First, let us get the terminology straight as to what we are talking about. A disaster recovery ‘cold site’ is defined as a site that has physical and environmental controls, but does not contain any equipment. Essentially, it is an empty data center. It may have racks installed with electrical connections, but the racks are empty or only contain enough infrastructure to allow for basic connectivity from the racks to the telecommunications point-of-presence (POP). An organization may have backup circuits installed to this facility, but they too are not in use. As a result, a cold site is not in-scope because it does not process, store or transmit cardholder data.
At the other end of the spectrum, a disaster recovery ‘hot site’ is ready to go at a moment’s notice. Applications and data are replicas of what is running in the production data center. Should a failure occur at the production data center, the hot site will immediately step in and take over usually without users knowing that a failure has occurred. Obviously, a hot site is always in scope for PCI compliance as cardholder data is processed, stored or transmitted at the hot site just as it is at the production data center.
And in between cold and hot sits the disaster recovery ‘warm site’. Warm sites have servers, data storage and infrastructure all ready to go, but the equipment is not running and no data is available. It may or may not be a carbon copy of the production data center from an equipment standpoint, but it will have enough servers and infrastructure to be ready to process as quickly as possible. The applications may or may not be already installed on the servers. And data is usually expected to be restored from backup media.
Where things get messy is with just how much preparation is being done at the warm site. Remember, disaster recovery sites are only in-scope if they process, store or transmit cardholder data. And that is where some QSAs get in trouble; they neglect to ask the critical question of whether or not the warm site has cardholder data. A lot of organizations are now replicating data between their production data center and their warm site. It is cheaper, safer and faster to have a replica available than to try and recover data from backup media. Particularly when you have invested in storage area network (SAN) farms at both locations. SANs make the replication process easy and seamless with the only limitation being the time it takes to replicate over the connection between the two sites.

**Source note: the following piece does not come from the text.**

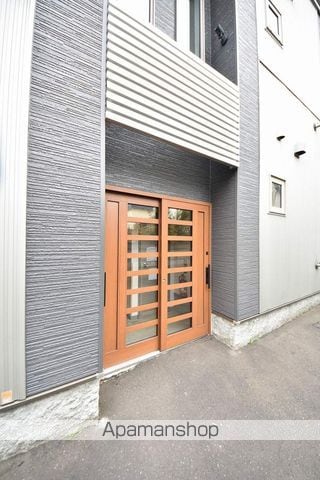 イーストビュー81の玄関写真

Regardless of what the PCI DSS states, I believe that all disaster recovery sites need to be assessed for PCI compliance regardless and here is why. The PCI DSS states that disaster recovery sites are not in-scope unless they process, store or transmit cardholder data. However, in the same breath, the PCI DSS states that once a disaster recovery site is activated, the site is in-scope and is required to comply with the PCI DSS requirements just as the production data center complied. So, how does one know that their disaster recovery cold or warm site will comply with the PCI DSS if it is never assessed? You do not know it will comply unless you assess it. How is that for a Catch-22? That is why I contend that all disaster recovery sites should be assessed whether they process, store or transmit cardholder data or not.

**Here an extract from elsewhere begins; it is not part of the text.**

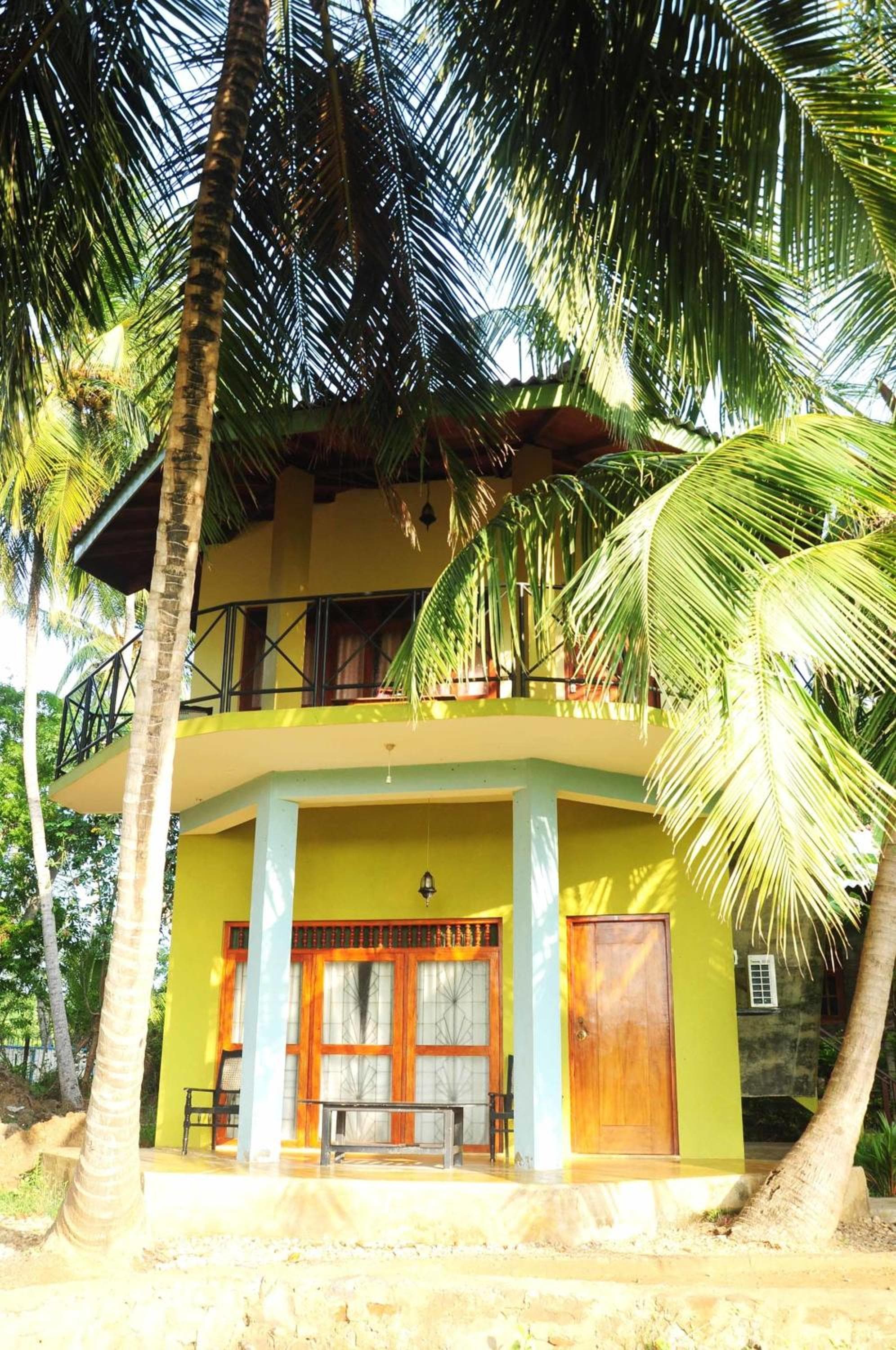 Traveller's Home Hotel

The bottom line here is that if you are not in compliance when you activate your disaster recovery site, you can be fined for non-compliance with the PCI DSS. And if you think that you can get a ‘by’ on compliance by saying you were in the midst of recovering from a disaster, think again, particularly if a breach occurs during your recovery. So, I highly recommend that all organizations make sure that their disaster recovery sites are and will be PCI compliant once they are active and that they are assessed by your QSA.
UPDATE: A number of people pointed out to me that it might be unreasonable to assess the disaster recovery site annually and I would agree. However, you should assess it at least once or if any changes occur that might effect the control environment at the site.

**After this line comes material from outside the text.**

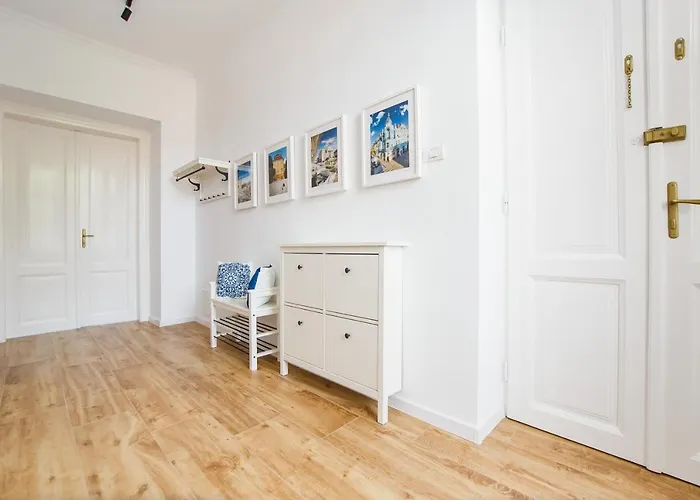 Spacious Riverviews Apartment Near Piata Unirii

Well, at least the risk assessment should identify the risk of a cold site not being compliant and apply a relevant control – which may or may not require a full assessment of the site – it could just involve a good solid recovery plan that assures the rebuild at the cold site will be test confirmed to the same standards as production before its switched on – its for the QSA to decide whether the control is adequate. That will depend on the likely hood of a disaster and the impact it would have on the given scenario. I can’t believe there are QSA’s who simply don’t ask if the cold site processes or contains CHD!
When it’s technically out of scope until it’s in use, most QSAs don’t bring it up as their clients will argue ad-nauseum that it is not in scope.
PCI calls for annual risk assessment of the environment. If we have a DR hot site, should we look to perform risk assessment every year? Like performing full PCI assessment of DR site every year may not be practical, performing risk assessment of the DR site every year may not be practical. Your thoughts? Thank you.
As I said in the post, technically, a DR site is not in scope until it is activated. However, that is the rub. How do you know if your DR site will be compliant unless you assess it? While an annual assessment might not be feasible, as long as you assess it whenever changes occur to it or the PCI DSS and at least every three years, you should be fine.